We use this idea to ask, “who is on the wall?” and, just as importantly, “who isn’t?” Who gets sanctioned, like Zamora’s mural near the school, and who doesn’t? As they choose the subject of their stencil, some are surprised by who has been missed. “I can’t believe Coretta Scott King isn’t in our hallway yet!” “Where are the young activists?” “Where are our transcestors?” Clearly, we have work to do.

"Get in Good Trouble, Necessary Trouble"

I’m reminded of these words from John Lewis, a civil rights activist and longtime politician from the United States, when I think about graffiti and the law. Students know that it’s an offence to spray-paint on public and private property. As criminal lawyer Mark Zinck writes on his website, “It doesn’t matter if it is an old dumpster at the bottom of a dark lane, or the front doors of Toronto City Hall, if the police catch you tagging, they will charge you with mischief.”

So, do my students think I’m encouraging them to break the law?

“No,” rings out quickly across the room. “It’s our wall and we had permission.”

“Not exactly,” says Isabelle. “That’s a complicated question.”

And then, slowly, a few people say yes.

“People who break the law could be showing that the law was wrong,” Audrey begins.

“I saw a documentary on the weekend, about Indigenous rights and how the Canadian government and the oil and gas companies wanted to put a pipeline through their land,” Cleo shares. “So the Wet'suwet'en people put up blockades.”

The moments when protestors have broken the law to advance social justice begin to spill out. People protesting a dictatorship. Rosa Parks and the bus boycott. Women fighting for the right to vote. Highways shut down in support of Palestinians. The lunch counter sit-ins as a strategy to fill up the prisons.

“There was a time when I wouldn’t have been able to go to the same school as Ivy, or use the same washroom, or drink from the same water fountain,” says Kora. The gravity of this question is sinking in.

“I know someone who is in a bad situation and lives outside on the street. They will do something illegal, especially in wintertime, so that they’ll be arrested and put in prison with food and a bed,” says Sachi.

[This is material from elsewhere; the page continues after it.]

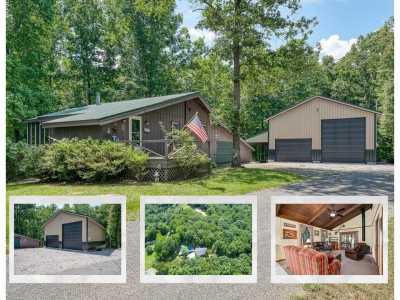 Home For Sale in Celina, Tennessee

“Ok then, how about the January 6 rioters?” I ask. “They thought that the 2020 U.S. election was rigged, they wanted their votes to count and make a difference, and a bunch of them definitely broke the law while at the Capitol. So, what’s the legitimate criteria for breaking the law? What counts as ‘good trouble’?”

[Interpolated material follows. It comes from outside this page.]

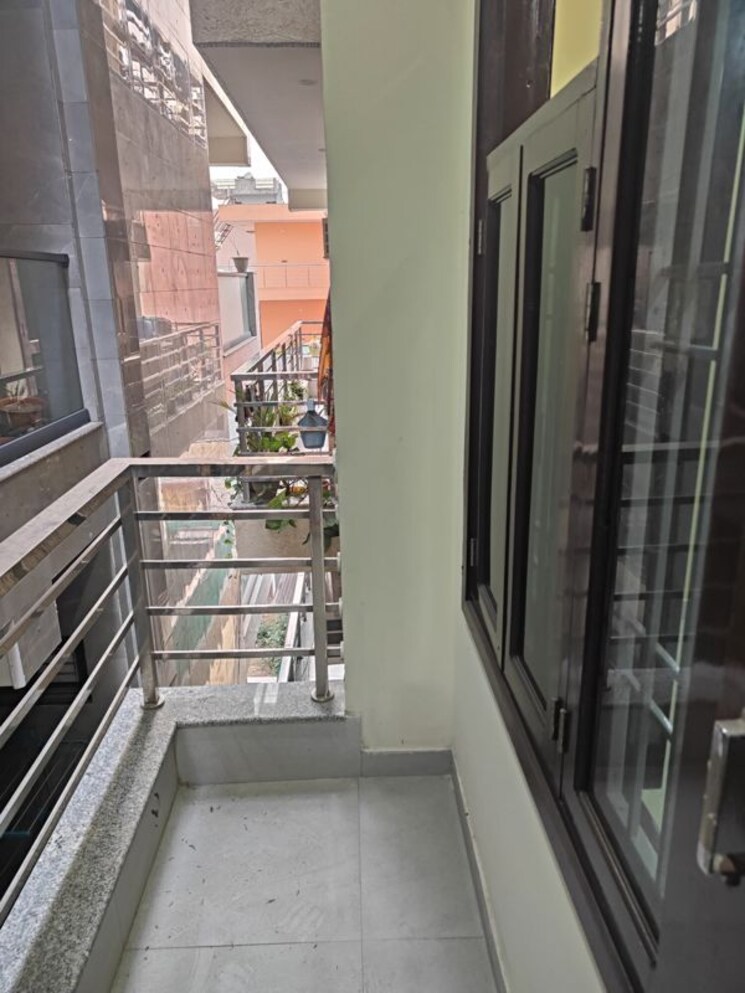 Balcony, sector 8 dwarka 2 Bedroom 450 Sq.Ft. Builder Floor In Sector 8 Dwarka Delhi 9904217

“I’m a strong believer in science and facts,” says Ivy pointedly. Indeed. The 67 lawsuits claiming widespread election fraud were all dismissed or dropped and followed quickly by defamation cases against Trump and his allies. Evidence matters.

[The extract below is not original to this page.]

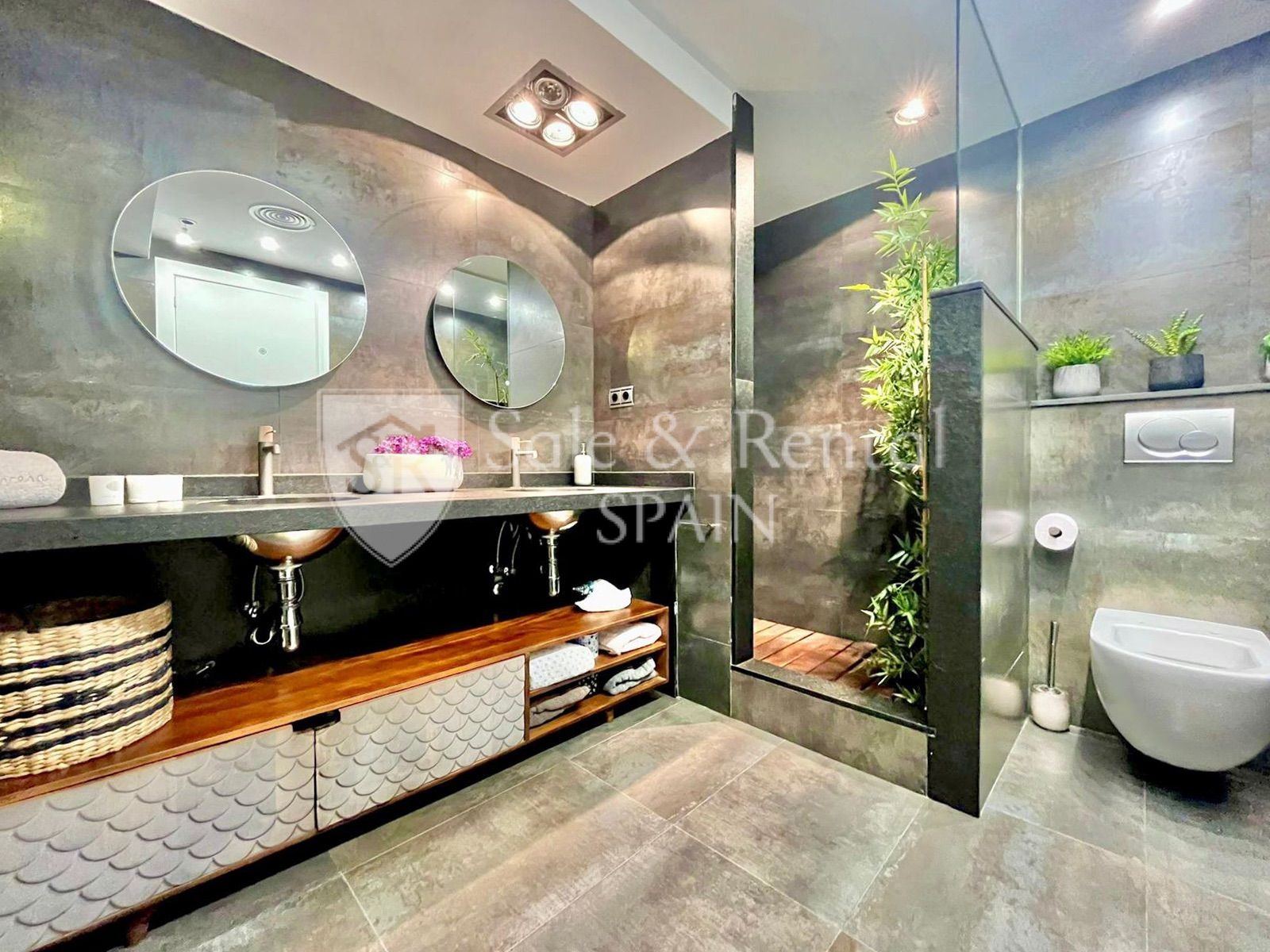 Дом в Бланес, Герона, Испания 5 спален, 347м2 №166385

Others point out that intent to uphold or to take away human rights also matters. And, most importantly, whether protestors are taking part in non-violent civil disobedience. “Some of the rioters on January 6 wanted to hurt other people. They did hurt other people,” says Audrey.

We near the end of our discussion with a quote from Banksy’s book Wall and Piece: “The greatest crimes in the world are not committed by people breaking the rules. It’s people who follow orders that drop bombs and massacre villages. As a precaution to never committing major acts of evil it is our solemn duty never to do what we’re told, this is the only way we can be sure.”

Finally, we circle back to Isabelle’s remark: “It’s a complicated question.”

A Starting Point, Not a Stopping Point

My teacher candidate Simon has been reflecting on the significance of our graffiti alley. “Students had ownership of this project – they discovered that every one of them had the ability to create a beautiful piece of art with deep meaning,” he says. “The buzz of excitement and discovery as students pulled out their phones to scan the QR codes and the echoes of excited conversations as new learning took place were inspiring. What struck me was their deep understanding of what was happening. The medium was the message, and it created the circumstances for an inclusive, expressive, relevant piece that students were so proud of.”

Banksy writes, “When you go to an art gallery you are simply a tourist looking at a trophy cabinet of a few millionaires.”

But here, in this tiny little hallway – this place feels different.

David Stocker is a member of the Elementary Teachers of Toronto.